While my parents never graduated from college, they did both attend classes as they could, which wasn’t easy with full-time jobs and two kids to raise. I remember pretty clearly my mom studying Spanish late at night at the kitchen table. And I remember them proof-reading class assignments for one another. It made an impression on me, and I’m forever thankful for it. It’ll probably make my mom cry to hear it, but I’m also thankful that they stopped taking me to church at a young age.

I’m thankful that my parents valued education enough to settle our family in a decent school district, instead of closer to where my father was going to be working. My dad, most days, left for work at 5:00 AM to catch the bus, and didn’t return until 7:00 PM or so at night. He did that for over a dozen years straight, and, because of that, I got to attend a great public school, where I met people like Dan and Matt – the guys I mentioned above who moved to Ann Arbor to make noise, drink $1 pitchers of beer, and publish zines with me.

Speaking of sacrifice, I’m also thankful that my distant relatives made the decision to come to America when they did. They did so without knowing if they’d ever see their homelands again. They left everything they knew in England, Sweden, Scotland, and Poland, in order to make a better life for their families. And, it’s because of their sacrifices that I’m here today, not having to work in the fields from sun up to sun down as they did.

Oh, and I’m thankful that, of all the mental illnesses in the world, I got OCD, which kind of has its up-side.

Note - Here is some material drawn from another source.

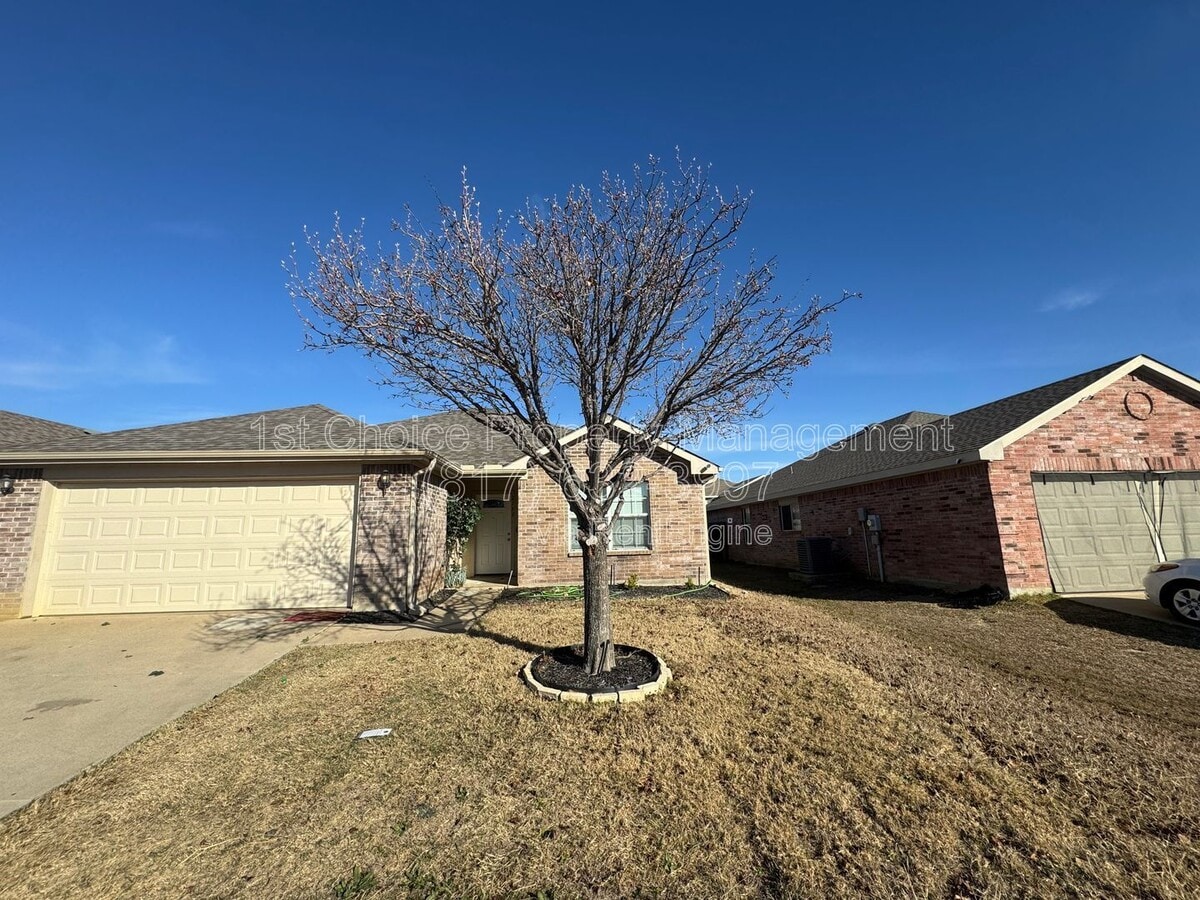 Photo - 2153 Benning Way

OK, there’a whole lot more I’d like to say, but that’ll have to be it for now, as the buzzer on the oven is ringing.

Happy holidays.

[note: The image at the top of the post, if I remember correctly, is from the first Macy’s Thanksgiving Day parade. If I had to guess, I’d say that the balloon was supposed to depict a kind of turkey-mosquito hybrid that plagued the United States at the time.]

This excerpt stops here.